The Supreme Being can neither be seen, nor heard, nor thought, nor understood, with the faculties of the individual. He can be recognised where the ego is abolished. He sees through the eyes, hears through the ears, thinks through the mind, understands through the intellect and breathes through the breath; but these instruments cannot apprehend Him. One who thinks that he knows, knows not. He is known by him who does not think that he knows anything in particular. If He is known here in this life, then there is the true end of all aspirations. If one does not know Him in this life, great indeed is the loss to such a one. Sages become immortal, after death, having seen Him alone in each and every being in this world as its very Self.
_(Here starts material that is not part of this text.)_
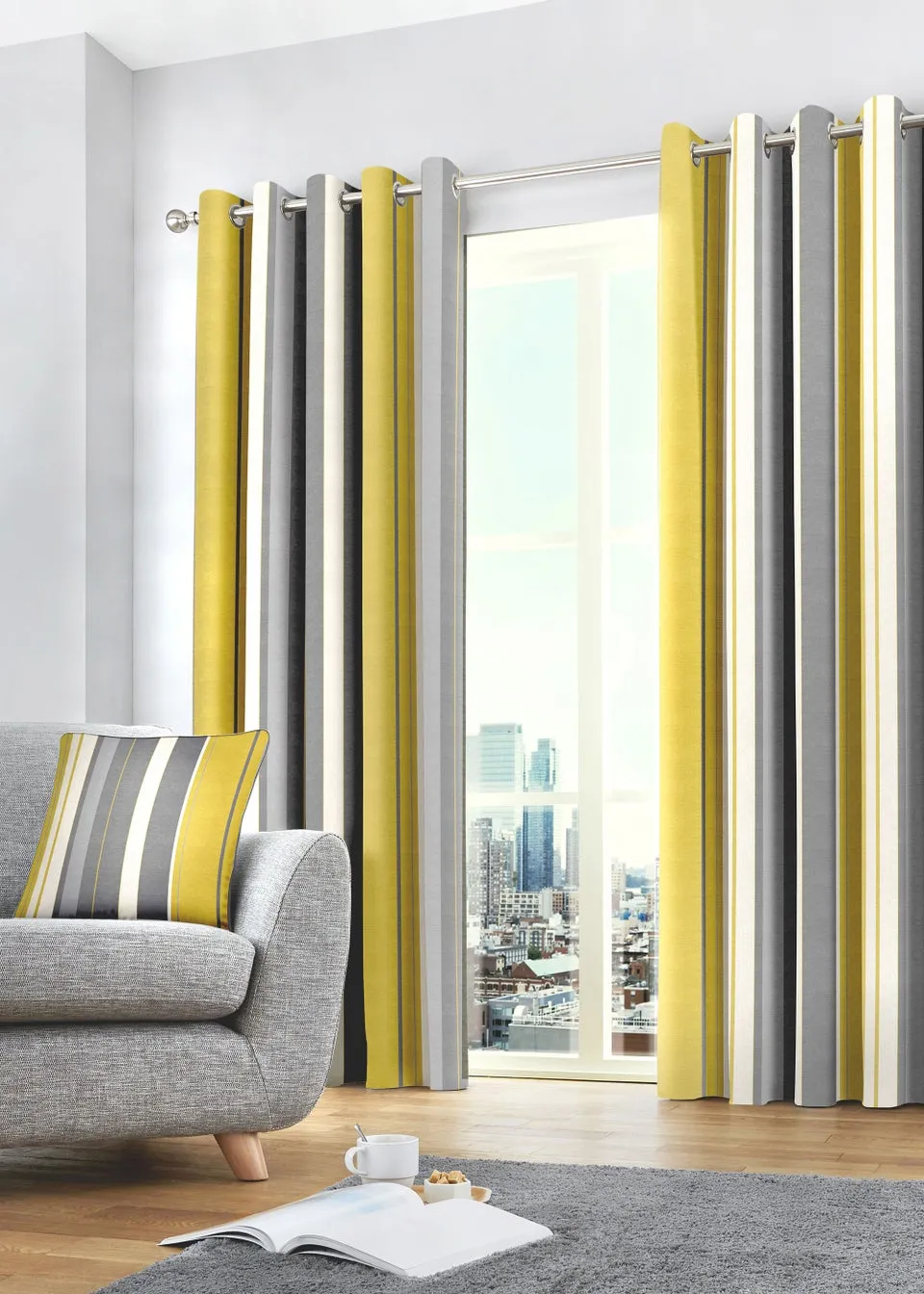 Fusion Whitworth Stripe Yellow Eyelet Curtains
Hence one should adore and contemplate on Reality as Supreme Love and Delight, whereby the universe begins to reciprocate this love to the votary of such a meditation.
The pleasures of the senses are ephemeral. They wear away one's energies, and tend to one's destruction. Even the longest life with the greatest pleasure is indeed worth nothing in the end. The only desirable aim in this world is the knowledge of the Self. The pleasant is one thing and the good is another. Both these come to a man together for acceptance. The wise man discriminates between the two and chooses the good rather than the pleasant. But the foolish one chooses the pleasant and falls into the net of the widespread death, on account of attachment to personal comfort. There is really no diversity here. As an indivisible Being alone should one behold it in all these things. He goes from death to death in a series of transmigration who perceives diversity here.
By knowing it, everything is known at once. He becomes it, who knows it. It is 'all this', and it ranges above perception. It transcends the three states of waking, dream and deep sleep. It is the cessation of all phenomena, the peaceful, the blessed, the non-dual. It is Truth, Knowledge, Infinity. One possesses all things simultaneously, becomes all things at one stroke, and enjoys all things at once, who knows this as identical with his own being. Wonderful is that experience, marvellous is that man, great is his fortune, blessed are his friends, freed for ever are his relatives, gone is the bondage of those who have his blessings.
The Absolute is consciousness. It is the root of all existence. It blazes as the sun, shines as the moon, twinkles as the star. It sleeps in stones, breathes in plants, thinks in animals and discriminates in man. No part of this world is to be regarded as complete unless it is taken together with all its other parts. The sun and moon are only a part of it. The solar system is a part. The stellar regions are a part. The earth and the heavens are a part. No meditation can be perfect when any particular thing alone is taken as its object. Meditation is defective when it does not comprehend all existence. Meditation is rightly done when its object is the totality of which the visible and the conceivable are just aspects. In such meditation individuality is swallowed up into Universal Being. Here meditation itself ceases, and the object of meditation alone remains. The actions of one who knows this secret are universal actions. The food that he takes in is the food offered to the universe, and the universe rejoices in such satisfaction. The food offered to him by anyone is a spiritual sacrifice performed in the altar of creation. Knowing this, if one were to throw some grains of food to an outcaste, it shall be veritably offered into the Absolute. As children sit round their mother for food, hungry and craving for her benign look, so do all beings in this creation look to him for their existence, who knows this secret.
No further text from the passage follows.